Hello dearest Steemians!
My first post is a question and a proposal.
Why do we read self-help books or blogs? I think the concept of self-help literature is an utterly condescending one that reduces a potentially life changing piece of writing to something very one-dimensional. With a self-help book, the reader is the pathetic one, haplessly trying to save him/herself through the revelations of others.
I don't know about you, but my personal definition for self-help is to help myself to another cookie.
We need to think of another collective term as an alternative. Then on the other side of the ‘words that don’t do justice to the meaning’ you get a word like ‘perforated’, which sounds lofty and important, but mostly describes the small holes along which you tear your toilet paper. Language is so unfair.
Back to the topic of reading people’s stories and why we are so fascinated by what they have experienced, conquered and learned. We want to be enthused. We want to be convinced that there is more to life for us too. We desperately want to be able to relate to ordinary people who have risen from the ashes into greatness and lived to tell the tale. We want to look up to someone. We want to believe in magic. We long to be inspired to reach our own set of great heights and overcome the sludge and slurry of our own banal lives. We need tools, skills and knowledge to help us navigate ourselves through adversity, ordinary life and the pursuit of our dreams.
We want a sage, we want a champion...we want a unicorn.

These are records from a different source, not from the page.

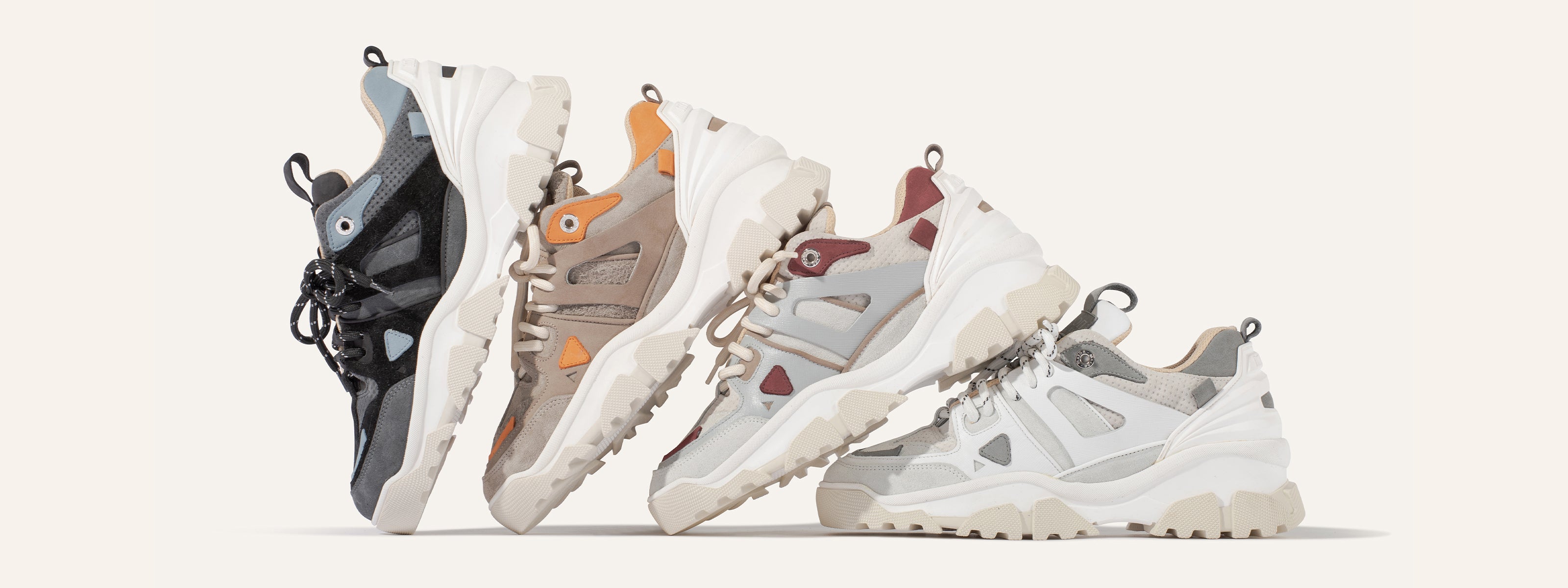 Four Genova sneakers in various colors on a white background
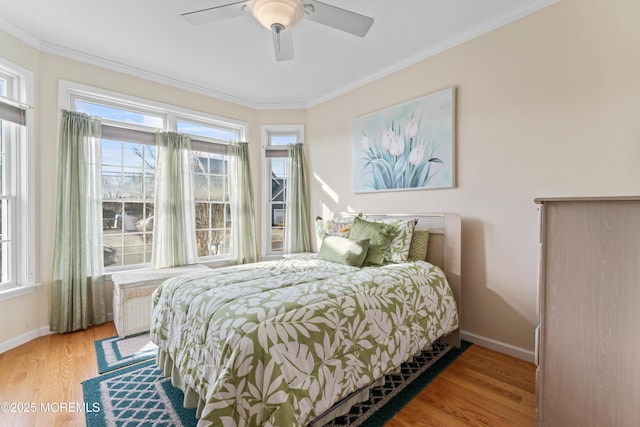 bedroom with light wood finished floors, multiple windows, and ornamental molding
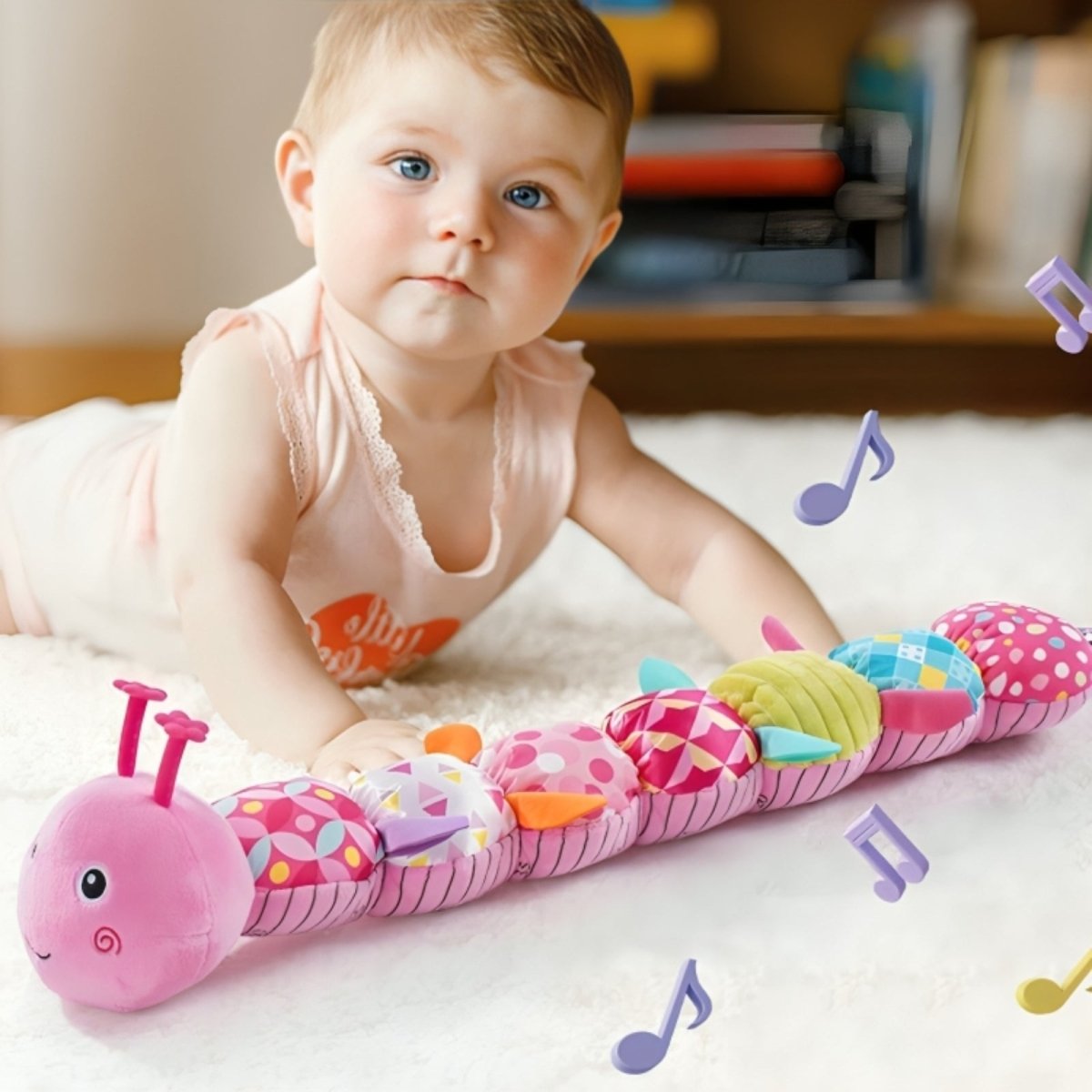 Baby playing with a colorful caterpillar toy on a bed
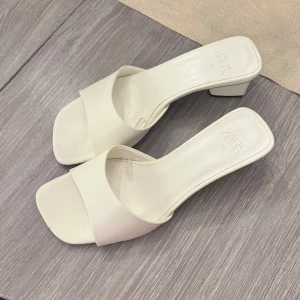 Vita sandaler från Zara - Stilrena vita sandaler från Zara med en fyrkantig tå och låg klack. Perfekta för en elegant look.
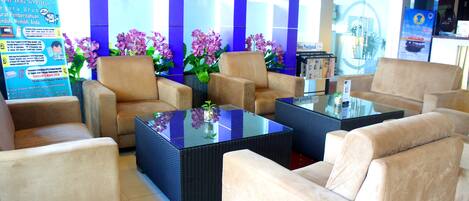A lobby with beige sofas, a glass-top coffee table, and purple orchids.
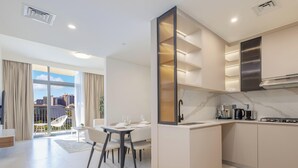 A modern kitchen with a built-in stove, a sink, and a dining area with a table and chairs. - LUX The Hadley JVC Suite (Dubai)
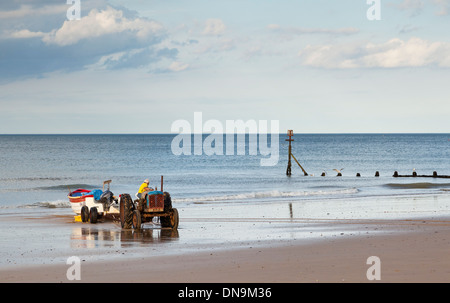 Un pêcheur de conduire un tracteur Ford, son remorquage bateau de pêche de la mer à Cromer, Norfolk, Angleterre, Royaume-Uni Banque D'Images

I would like to offer a different angle. What about more help-me books? Books written in the trenches, not reflecting to wounds that have already healed and then only been given the right to boldly brag with the impressive battle scars? We love wearing our past failures like badges of honor, and there is nothing wrong with that either, but what about books bravely exposing the honesty of distress, worries, fears and pain? There are so many of us hiding in the shadows, cowering in corners, kept captive by fears and weakness, battling it out quietly and waiting for the day we can stand in victory before showing the world what we have to offer. Artists encrypt their vulnerability into songs, poems, artworks and novels, purging their aching by pouring their hearts into symbolic anthems and monuments, but what about the rest of us?
What I would like to offer, is an honest, unadorned journal. A collection of anecdotes and musings from someone that doesn’t have all her ducks in a row, let alone in one courtyard. Someone whose ducks are stuck in trees or meandering through the kitchen with muddy feet and obnoxiously loud quacks.
The lady without her ducks in a row becomes a friend. We all need the friend that offers you a glass of wine in the cleanest of her dirty glasses and sits next to you on the porch. That friend tells her story and you tell her yours, you talk about anything and nothing for hours and with the ordinariness of the exchange, you feel safe and you breathe easy.
I sure need a friend like that, and I would love to be that friend to you.